John Patriquin/Staff Photographer
Last month, the City Council designated the former Nathan Clifford Elementary School on Falmouth Street as a local landmark and is trying to get it listed on the National Register of Historic Places.
Clifford’s views on slavery were raised during the Sept. 16 meeting, but dismissed by City Councilor Edward Suslovic, who represents the district. Suslovic said council action is designed so a project to redevelop the former school into market-rate housing can receive federal tax subsidies.
“To me, the historic designation does not reflect Justice Clifford’s views on slavery,” Suslovic said.
That attitude is a far cry from the city’s treatment of George Cleeve, who is considered the founder of Portland.

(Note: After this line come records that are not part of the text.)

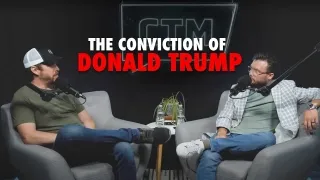 Why We're Voting For A Convicted Felon | Ep. 003
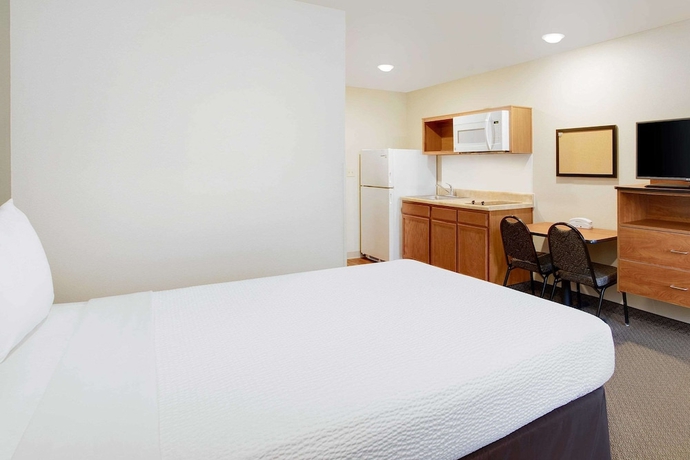 Imagen de la habitación del Hotel Woodspring Suites Virginia Beach. Foto 4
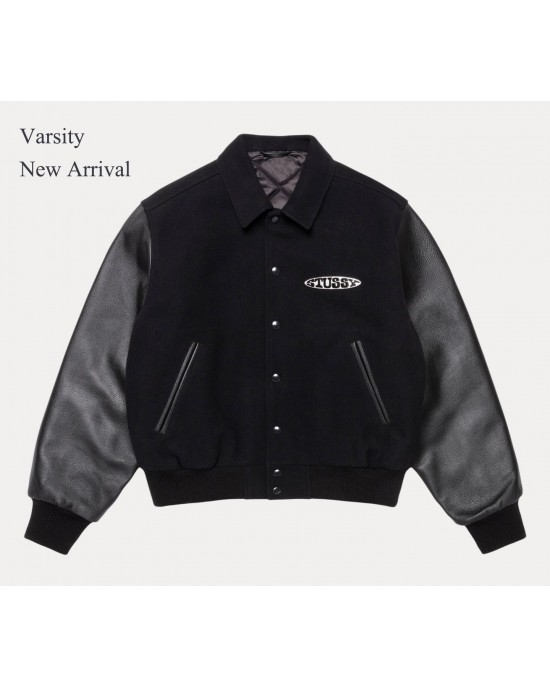 Men & Women Basic Stussy Hoodie Pullover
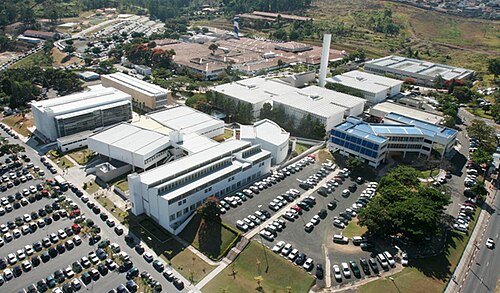 Pontifícia Universidade Católica de Campinas, Campinas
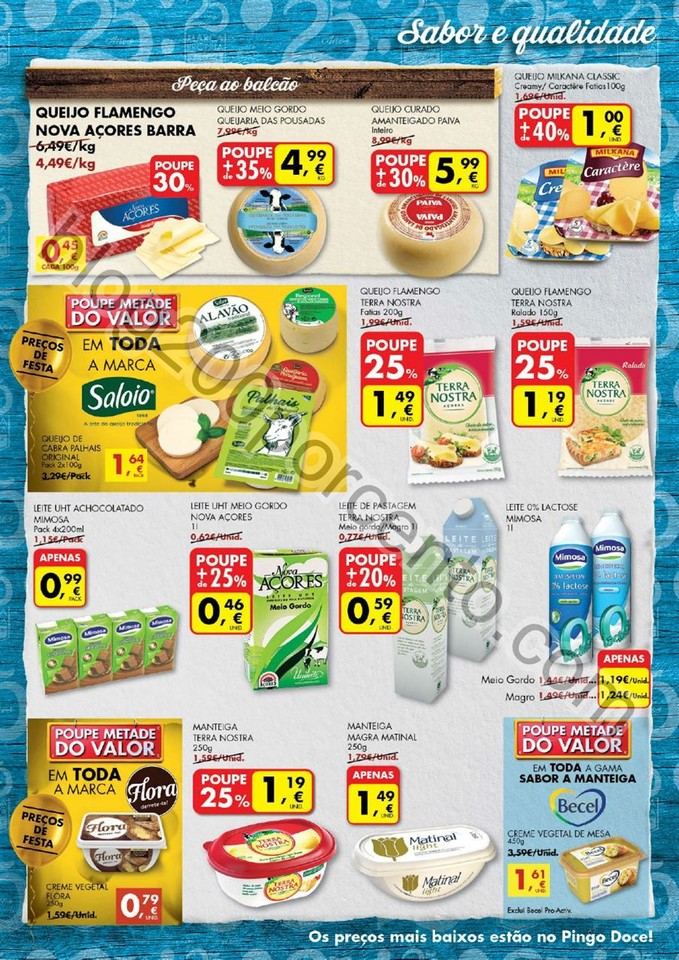 Antevisão Folheto PINGO DOCE Madeira promoções 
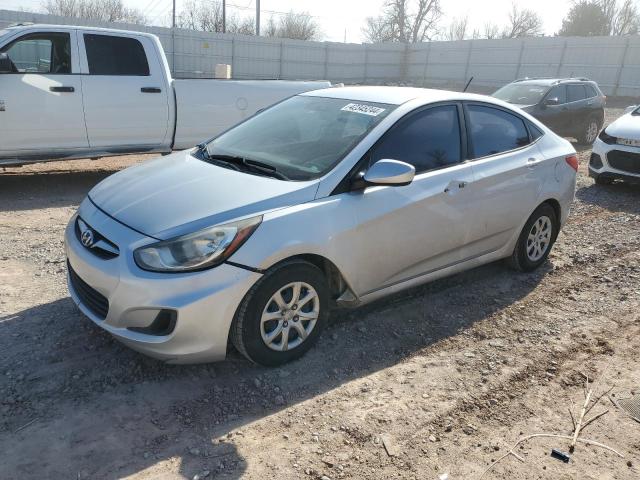Image 1 of 2012 HYUNDAI ACCENT GLS 2012 with VIN KMHCT4AE2CU249897
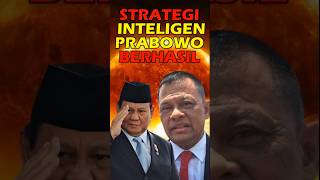 Strategi politik prabowo berhasil [upl. by Aneelehs]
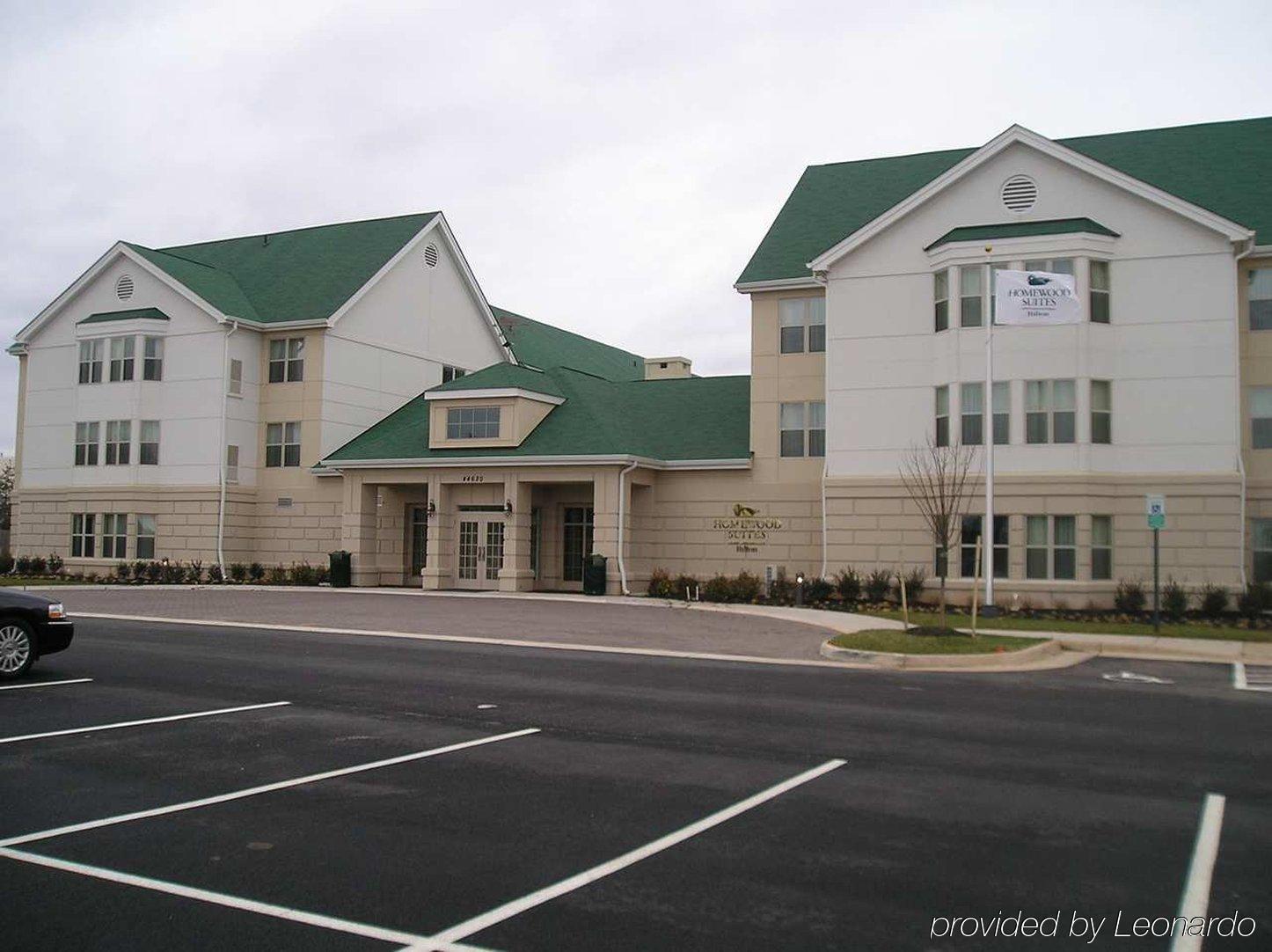 Homewood Suites By Hilton Dulles-North Loudoun Ashburn Bagian luar foto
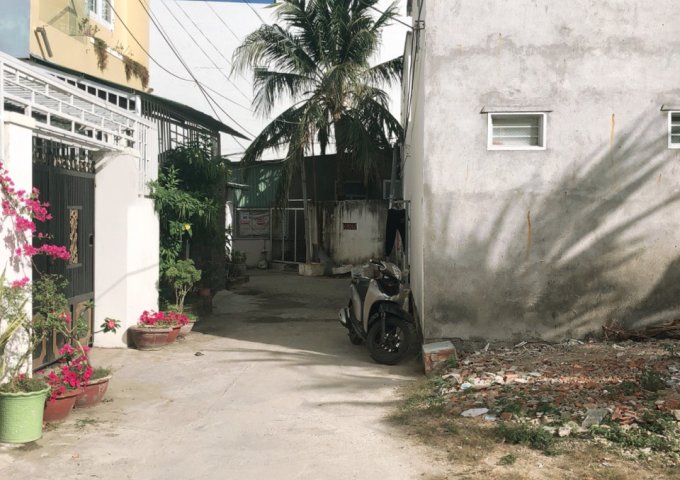 Bán đất sát khu đô thị Vĩnh Điềm Trung Nha Trang giá rẻ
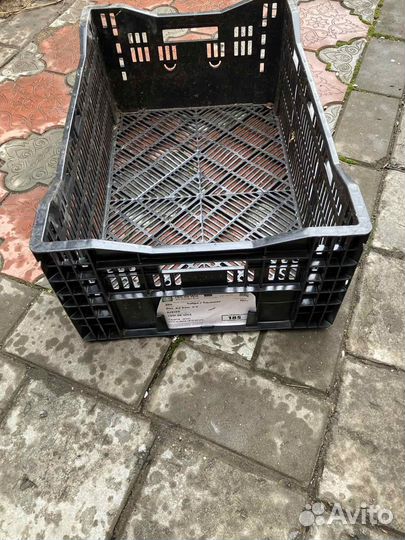 Продам ящик пластмассовый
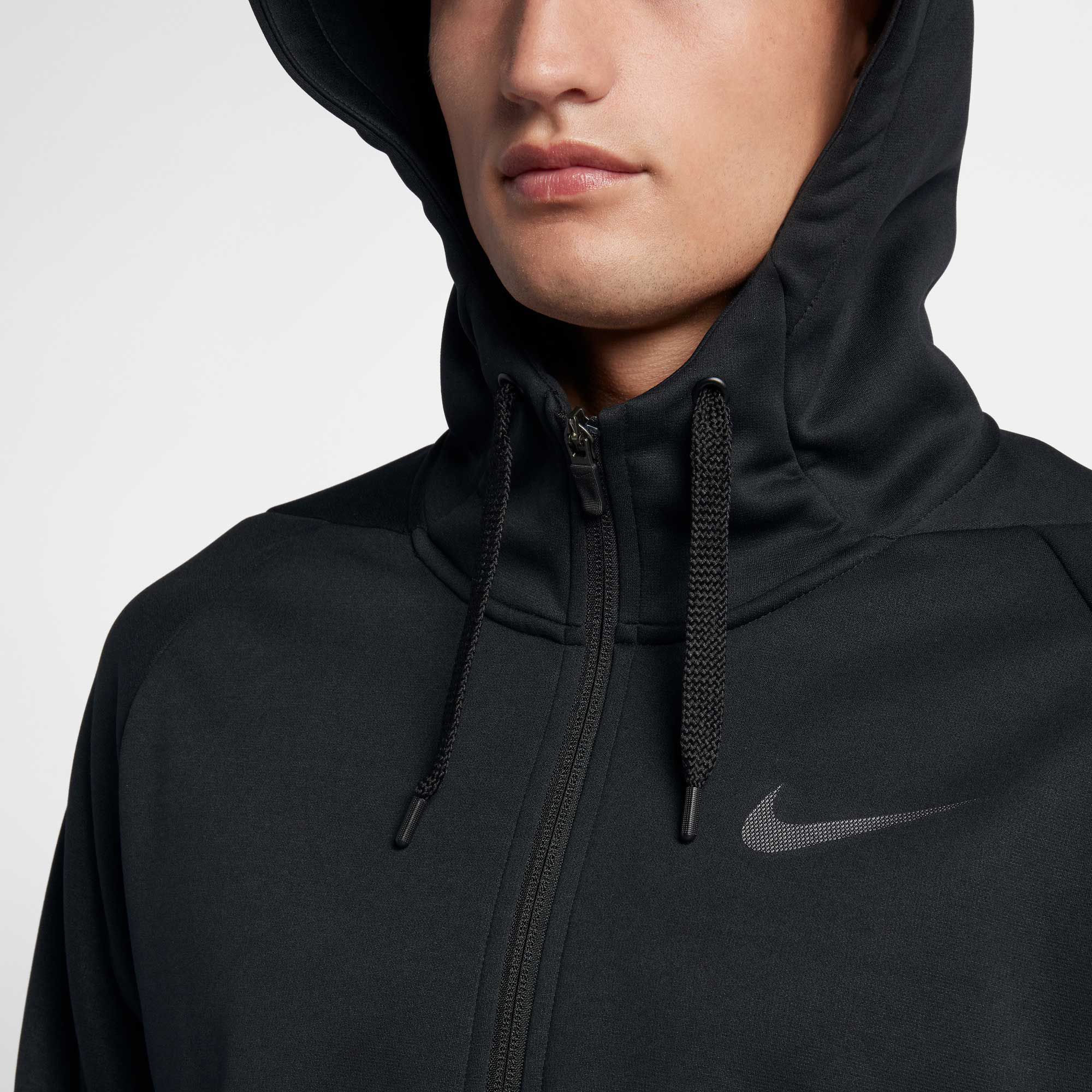 nike therma fit jacket mens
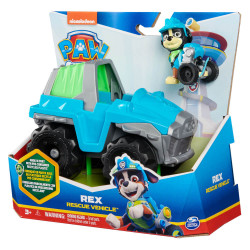 PAW Basic Vehicle Rex (Recycl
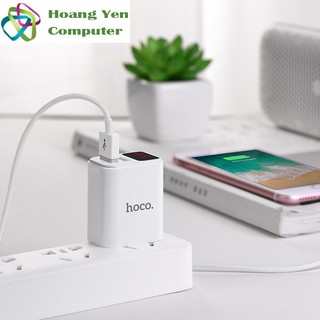 Cốc sạc Hoco C63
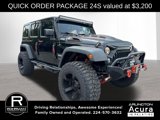 Used 2016 Jeep Wrangler Unlimited Sport w/ Quick Order Package 24S image 3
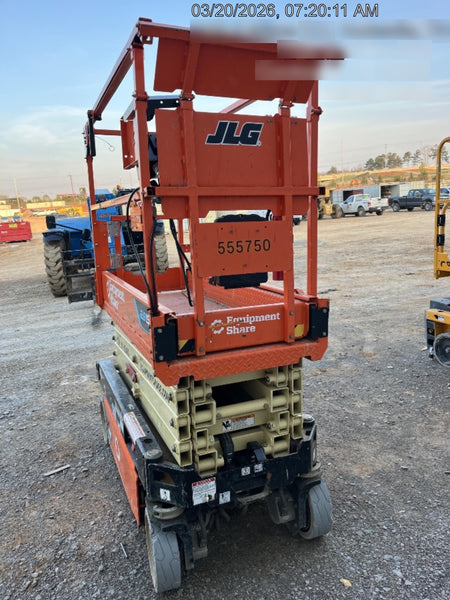 2025 JLG ES1932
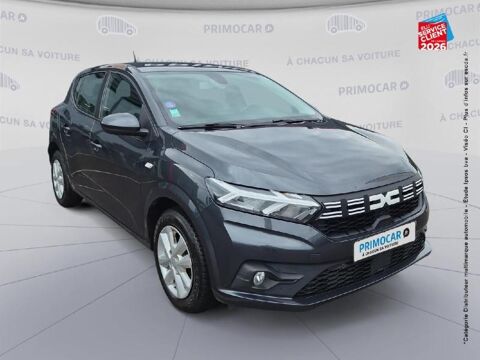 Sandero 1.0 TCe 90ch Expression -24 2023 occasion 57970 Illange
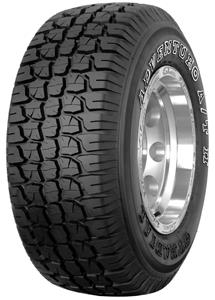 LT285/75R16 GT ADVENTURO A/T 11D OWL 122/119S 01 8 PLY *2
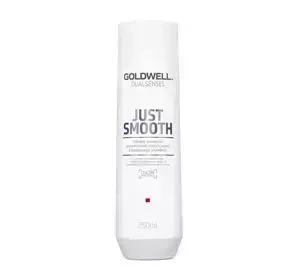 GOLDWELL JUST SMOOTH SMOOTHING SHAMPOO 250ML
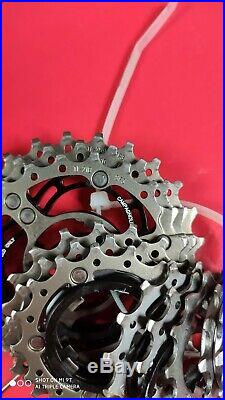 Gruppo campagnolo super record group set 11 speed 11v Superrecord 172.5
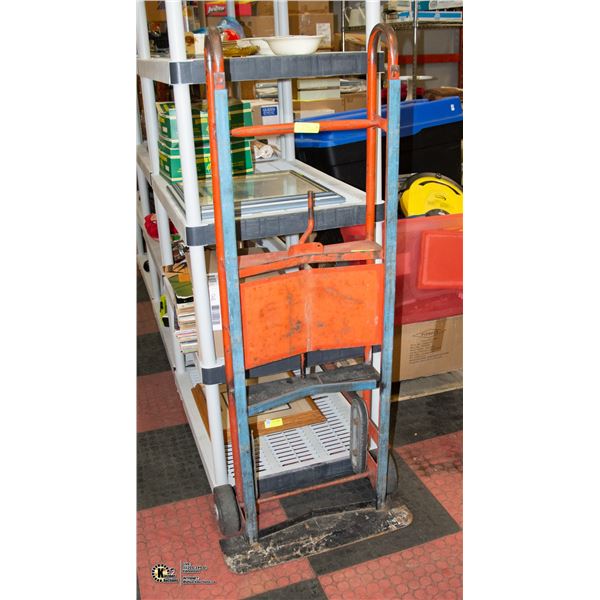 COMMERCIAL 2 WEHEEL DOLLY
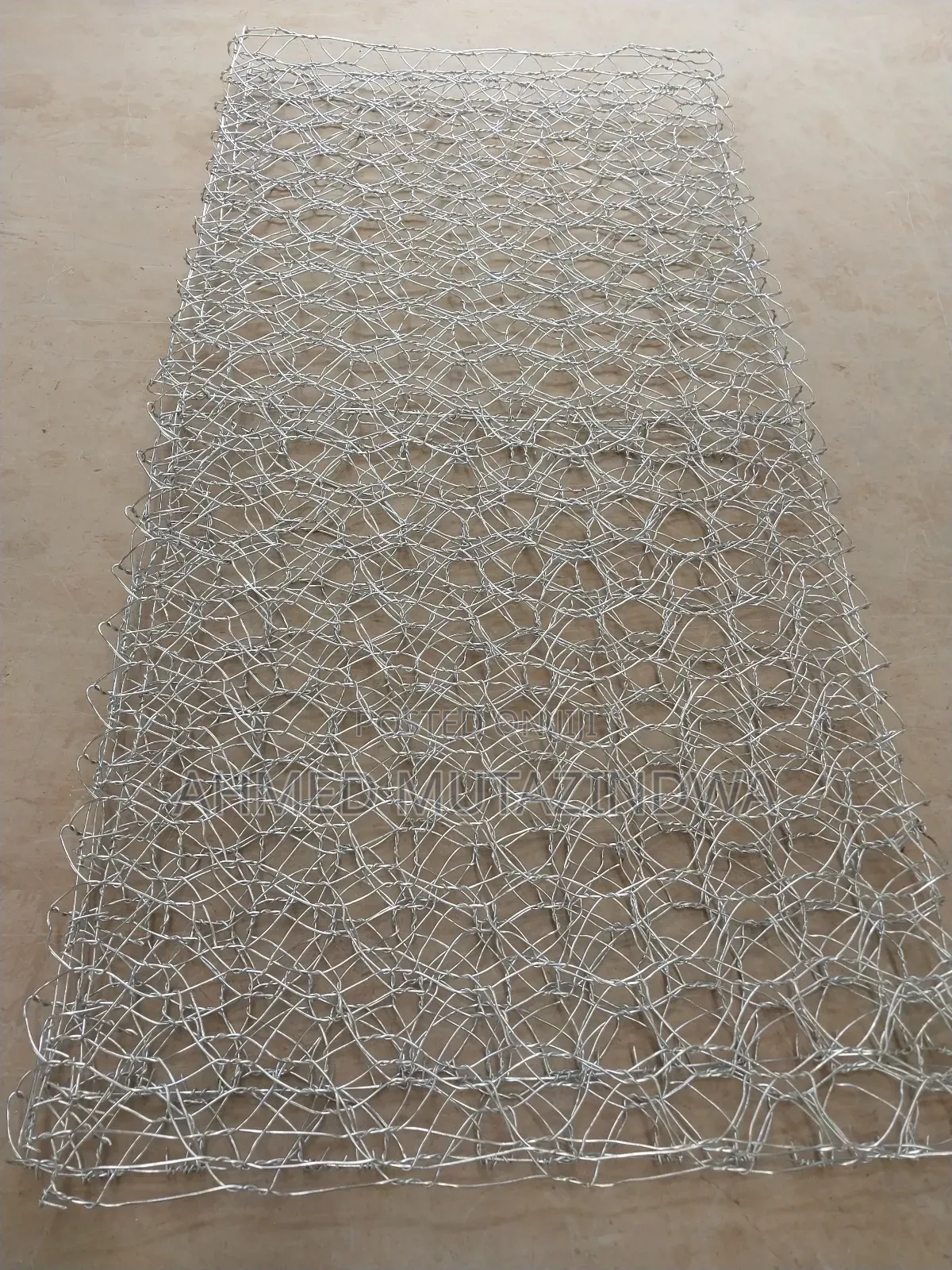 Gabion Wire Mesh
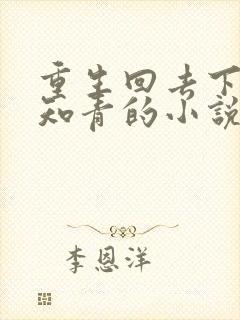 重生回去下乡做知青的小说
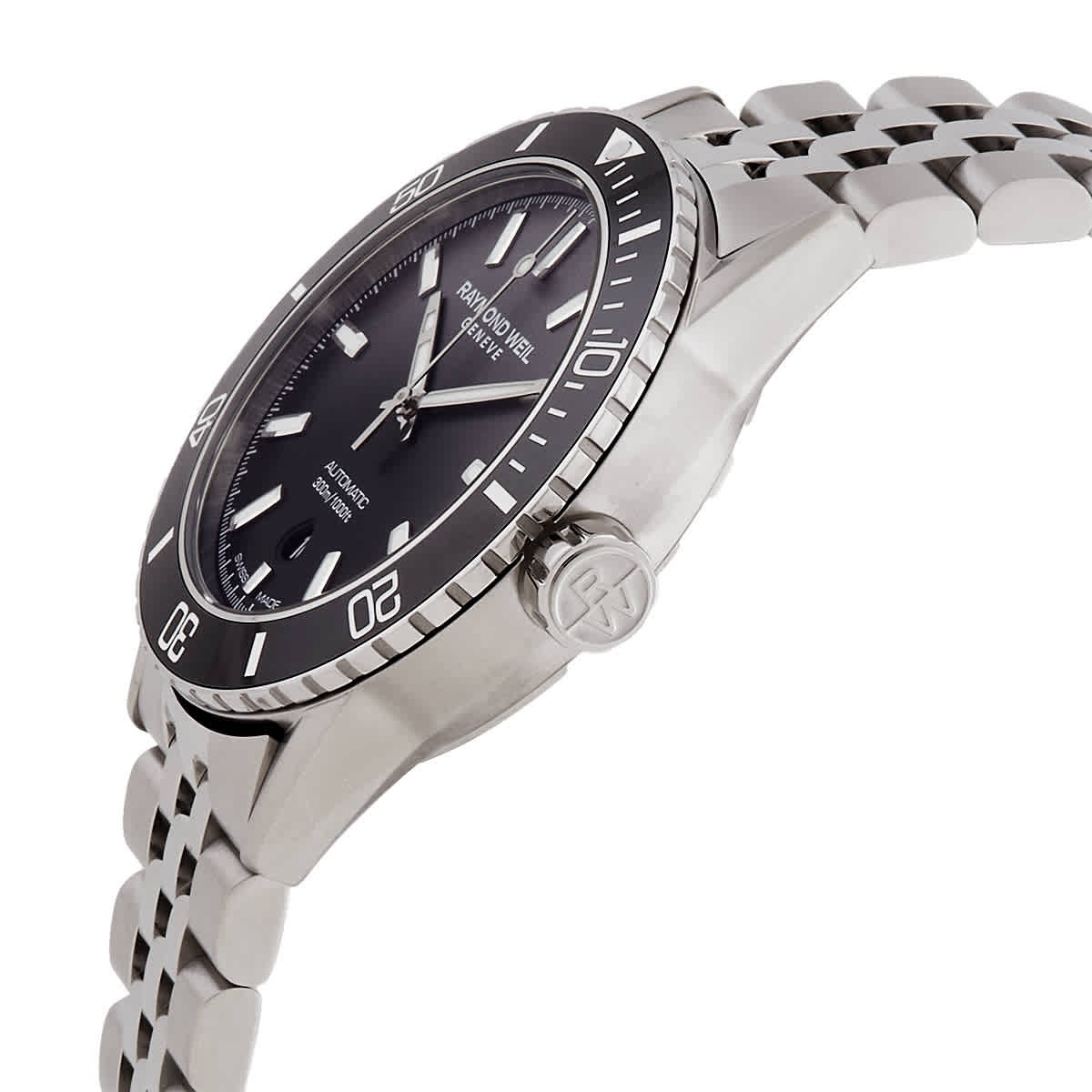 Raymond Weil Freelancer Diver Automatic Men’s Watch 2775-ST1-20051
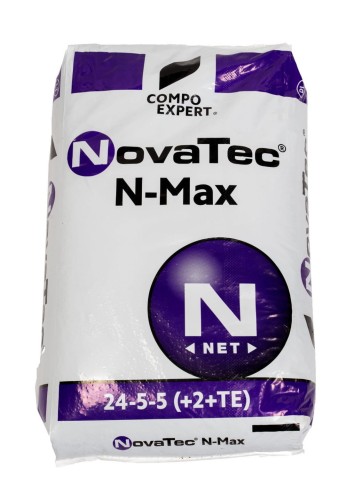 Novatec N-MAX 25 kg NPK 24-5-5
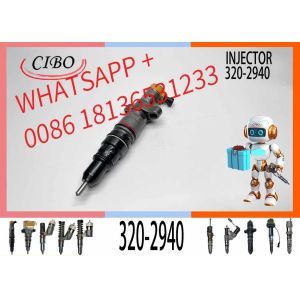 C9 Fuel Injector Assembly 293-4067 293-4072 10R-4764 293-4072 10R-7222 293-4073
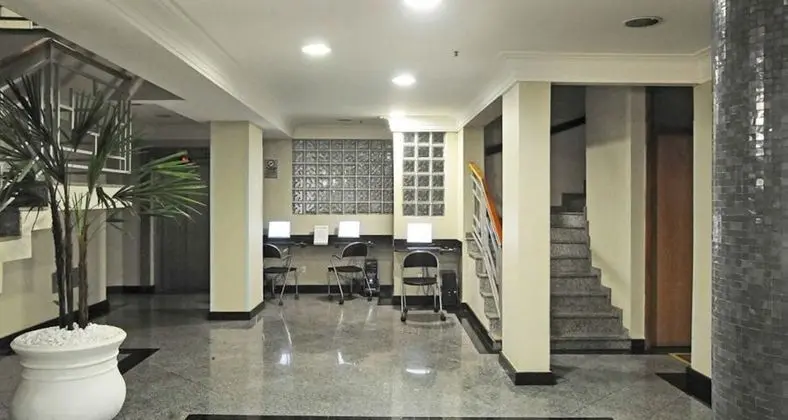 Oft San Conrado Hotel - Lobi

About a decade ago, city officials refused to accept a statue of Cleeve because he was rumored to have owned a “colored servant” when he and his business partner Richard Tucker arrived on the peninsula in 1633. The accusation was first raised in a history of Cape Elizabeth written in 1965.
The council’s rejection of the statue came even though no proof existed that Cleeve ever owned a slave. In fact, Cleeve descendants presented evidence to the council that the servant, Oliver Weekes, was a sailor hired to assist Cleeve’s settlement in Portland.
The row continued the following year when the city refused to allow the Amistad replica ship to dock at Portland Yacht Services, where the 7-foot bronze statue of Cleeve now stands near the water’s edge behind a chain-link fence. The Amistad was a 19th-century tall ship that was taken over by slaves and depicted in a movie of the same name.
The apparent double standard highlights the long shadow that slavery continues to cast over the city, in some ways.
And Clifford and Cleeve are not the only prominent figures in Portland history to have such skeletons in their closet.
While many abolitionists called Portland home – including William Fessenden (a U.S. representative and senator in the 1840s and 1850s, and President Lincoln’s Treasury secretary in 1864 and 1865) – and the city is home to the Abyssinian meeting house (built by free African Americans in 1828), many people were torn over the issue of slavery.
In many ways, Maine’s economic dependence on the South split the state over the slavery issue.
Portland was a robust maritime port in the mid-1800s. In addition to sugar cane, vessels delivered cotton from the South to feed the state’s textile industry.
Although many Mainers believed slavery was morally wrong, their economic interests were reliant upon industries that used slave labor.
“(Mainers were) caught in a dilemma between whether they want to support the union and the abolition of slavery versus their own incomes,” State Historian Earle Shettleworth Jr. said. “This is a very complex period in American history.”
During the 1800s, Maine – and Portland in particular – were an important cog in the so-called Trade Triangle.
Sugar cane from the South was shipped to Portland, where it was made into white granulated sugar and molasses on the city’s waterfront, which at one point imported three times as much sugar cane as Boston.
That molasses was then used to make rum, which in turn was used by human traffickers to acquire slaves, according to local historian Herb Adams.
“Maine was intimately connected to” the Trade Triangle, Adams said.
Such was the case with Nathaniel Gordon, a Portland native who has the distinction of being the only American to be tried, convicted and executed for trading slaves.